The head of missions in our church, Pastor Terry, came and spoke to my Ladies Sunday School class this morning. As always he did a wonderful job, he spoke about a trip in 1989 to Nicaragua when the Contras and the Sandinistas were still fighting it out. He had a great story about how both sides had heard his testimony at the same time one evening, he learned this later after there was peace, but I took away something entirely different from his talk.
A south Texas, Mexican-American preacher, Pastor Rueben, who has visited our church many times over the years had felt called by God to minister during that war torn time in Central America. He prayed to God, “Send me where no man can, or will go.”
I was in Tegucigalpa, Honduras and the surrounding area during that time of conflict, I’d had to run back to safety one night when a man on a motor scooter sent bullets flying, the American embassy was burned then, and on May Day, my blonde daughter and I fled the city with the other Americans, warned that it was not safe for us.

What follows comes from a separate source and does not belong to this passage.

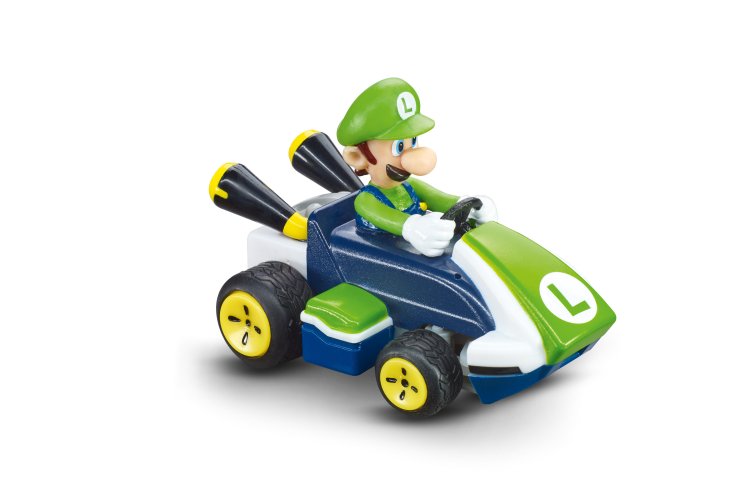 Carrera RC Car Mini - Mario Kart - Tabletop Racing Set - Mario vs. Luigi - 2 Cars - Scale 1:43 - 2.4 GHz - Car370430015 15 - CAR370430015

The state department had issued a travel advisory, when I reported my whereabouts, I was told I was on my own.
I was there for my first adoption of three school age sisters.
I kept thinking today of Pastor Rueben’s words, “Send me where no man can, or will, go.” Sometimes that’s how I feel in the adoption world, in the adoption of older, traumatized children. I never prayed those words, but I have definitely felt called, and I suppose that is where I get my inner fortitude.

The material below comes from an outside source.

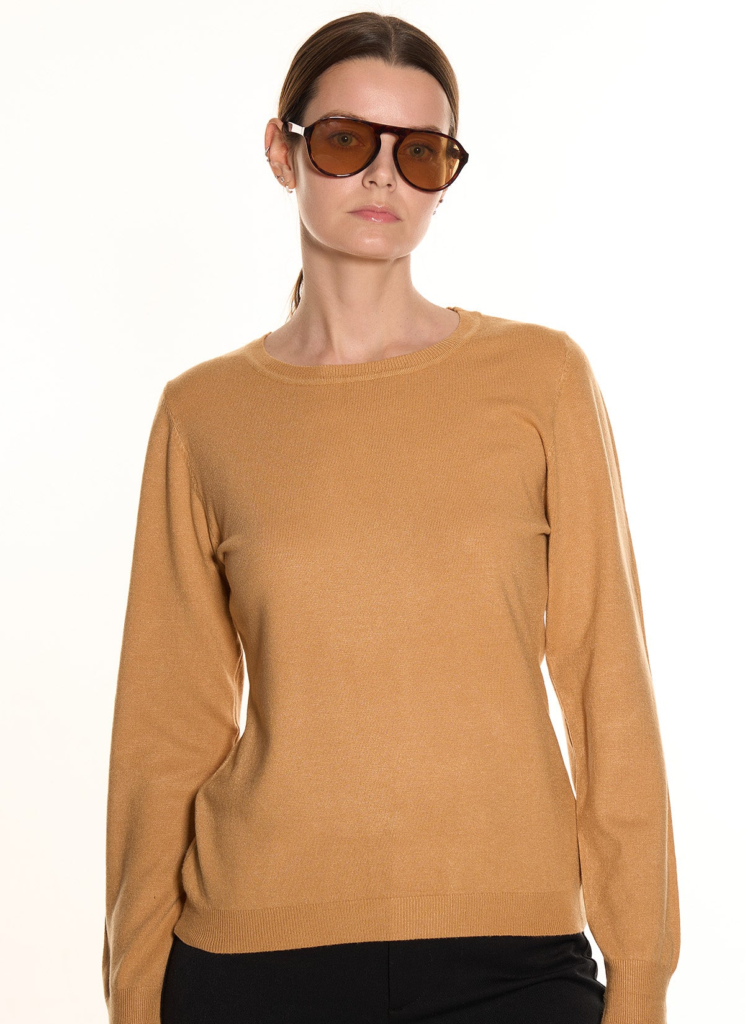 Scott Cashmere Camel Women's Sweater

Today after my positive, “we all go to church,” post, all heck broke loose. Bad attitudes, truculence, aggravating behaviors and ugly words were spoken by my children. Who didn’t see that coming? I could hardly concentrate in church, I could feel my blood boiling rapidly in my veins as a PMS-possessed sixteen year old went passive-aggressively annoying, and a nineteen year old chose to act like he wasn’t texting on his phone. Don’t pee on my leg and say it isn’t raining kids.
Apparently my cell phone fell out of my purse at some point, I’m perturbed about that, and I came home madder than a hornet. I’ve found that hard work eases my tension so instead of lashing out at anyone, as they do to me, I turned the proverbial tables and stood at the stove cooking and individually serving everyone hand-fried in my best black skillet, bean and cheese burritos. It took over an hour of solid cooking, one good kid by my side assembling the burritos…calmed me down pretty much as I’ve gone where no man could, or would go, deep within this family of 39 kids.